The most important discovery of Roman armor to be made in Britain since that at Corbridge in 1964 has recently been unearthed during archaeological excavations in Carlisle.
The Carlisle hoard includes many rare items of military interest, the most spectacular being a scale shoulder guard believed to be a unique example of its type anywhere in the world.
Consisting of dozens of iron scales held together with bronze wire, this piece may at last solve the puzzle of how such armor worked. Other fragments include complete laminated limb defenses worn by legionaries on an armor on their sword arms and copied from the equipment of gladiators.
Under commission from Carlisle City Council, archaeologists John Zant and Gerry Martin of Carlisle Archaeology Ltd, University of Bradford, made the discovery on the floor of a building on the north side of the main east-west road, the via principalis.
This building, which stands opposite another identified as a smithy, or fabrica, has been tentatively identified as an armorer's workshop dating from the Hadrianic period around the second century AD. It was on one of the floors of this building that the various groups of armor and fragments of helmets were discovered.
Mike McCarthy, Managing Director of Carlisle Archaeology, said, "This wonderful discovery ranks among the most important ever made in Britain from the Roman period. The hundreds of items recovered from the site provide a fascinating insight on the period and on the nature of the Roman defense of its northern frontier."

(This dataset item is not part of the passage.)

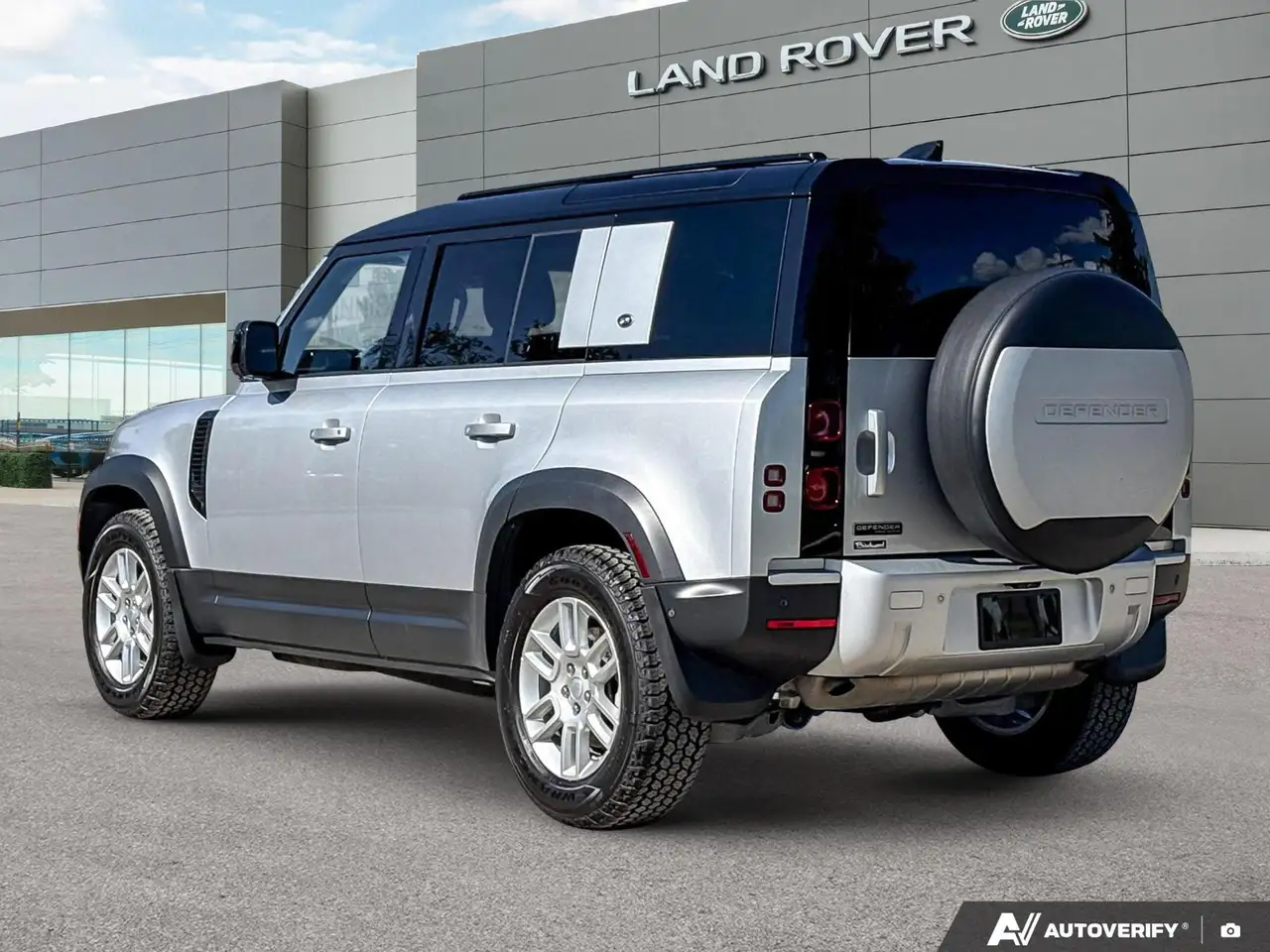 Land Rover Defender photo Land Rover Defender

(Carlisle Archaeology Ltd is a division of the University of Bradford's Department of Archaeological Sciences.)
Because of their fragility and rarity, the objects were taken to the Royal Armouries, one of the world's leading museums of arms and armor, where Dr. David Starley, the museum's scientific officer, assessed the objects using its advanced X-radiography facilities.

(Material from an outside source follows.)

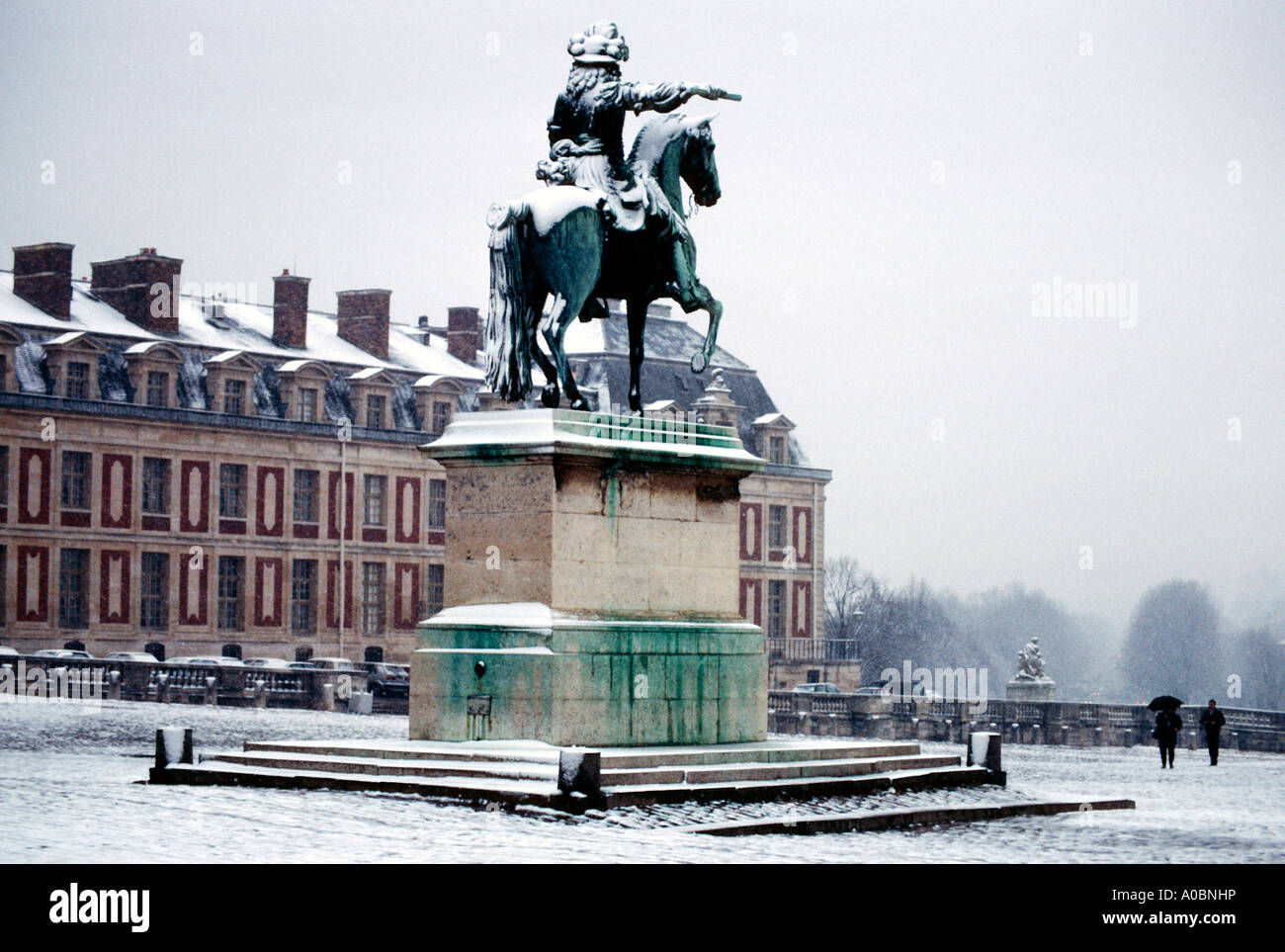 Schloss Versailles Standbild Ludwig XIV Schnee Frankreich Stock Photo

Thom Richardson, Keeper of Oriental and European armor at the Royal Armories, said, "Without doubt this is one of the most exciting and important archaeological discoveries of Roman armor in recent years. From initial observations, it appears likely that it will provide invaluable technical information on how such armor was constructed and functioned. The waterlogged nature of the deposit will also provide detailed evidence about aspects such as the articulation of iron plates by leathers which seldom survive."
Although the date of the armor has yet to be fully established through an analysis of the stratigraphic sequence, it is currently thought that the fragments of armor date to the first half of the second century, after AD 103-5, and are probably Hadrianic, AD 120s-130s.
This is of particular interest because it is known that heavy cavalry accompanied the Emperor on his visit to Britain when he initiated the building of Hadrian's Wall.
The Emperor Hadrian (AD 76-138) visited Britain in June 122 AD as part of his tour of the frontiers along the Rhine in Germany. Accompanied by his friend, the next Governor of Britain, Aulus Platorius Nepos, senior military and administrative officials, and the historian Suetonius, the Emperor was met by the outgoing Governor, Pompeius Falco, and toured the frontier. Members of the elite Praetorian Guard and heavy cavalry would most likely have been present.
Carlisle had already been identified as a place of key strategic significance and the Emperor's tour would almost certainly have included the fortress there. Building work on the wall that bears his name began almost immediately.
Other discoveries of the same date from the site include large numbers of iron projectile heads, a number of spearheads, clay slingshot, ballista balls and bolts.
The pieces are currently being stabilized prior to conservation work. It is hoped that they will be revealed to the public in 2002.